The EBONY Foundation Steps Up to Feed Others

ATLANTA, GA – To address the increased need for food assistance during the COVID-19 outbreak amid school closures and social distancing, the EBONY Foundation wants the community to know WE GOT YOU. Starting Monday, March 16, 2020, over a million tons of food will begin making its way to community members in need. This food recovery initiative will start in Detroit serving Oakland, Wayne and Macomb counties and the EBONY Foundation seeks to use this model in communities nationwide.

Experts agree that school closures and social distancing will play an important role in limiting the transmission of coronavirus. Families and advocates have concerns about how system-wide closures will impact communities who rely on schools for a range of public services, including providing low-income children with breakfast and lunch, which at times may be the only meal they receive during the day.

The EBONY Foundation has appointed Darryl Anderson of Unique Food Management as the Michigan coalition Chair to coordinate organizations such as Meals on Wheels, Lighthouse, Forgotten Harvest and over dozen food pantries with one common mission – to move over a million tons of food and feed over 650,000 children and seniors weekly during this pandemic. Anderson has over a decade of state and nationwide organizing in food recovery distribution.

National emergencies affect each community differently. For over 75 years the EBONY and JET brand has been at the forefront of championing social justice issues for the Black community. As the quote goes, “When American catches a cold. The Black community catches pneumonia.” Now we have the coronavirus, which has a catastrophic impact on our community, education, economics, and basic health – and EBONY will step up.

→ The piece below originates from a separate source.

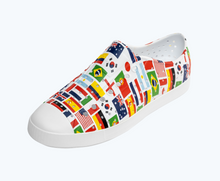Angled view of a Native Shoes Jefferson Print | Shell White/ Shell White/ International Flags Footwear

“Our families often live in households without food or water at times and now we have this pandemic. Some families rely routinely on food pantries, even in relatively healthy economic times. Some families have no safety nets. school closures would cut off access to some of their only reliable meals. When resources get tight, people without means tend to get squeezed the hardest,” says a spokesperson from the EBONY Foundation. “The problem is straightforward: Without school, a lot of our community’s kids often don’t eat. Close to 30 million children use the National School Lunch Program each year.”

Anderson will be coordinating the EBONY Foundation’s pilot initiative of grab & go breakfast and lunch pickups at the schools as well as negotiating with the school district for school bus deliveries to those that are homebound. Partnering organizations and schools include: Variety Feeds, Micah 6 Sprout, Baldwin Center, Dream Center, All Saints Church, Pontiac Youth Rec, Meet Up and Eat up, Avondale Elementary and Middle School, and the Waterford Schools.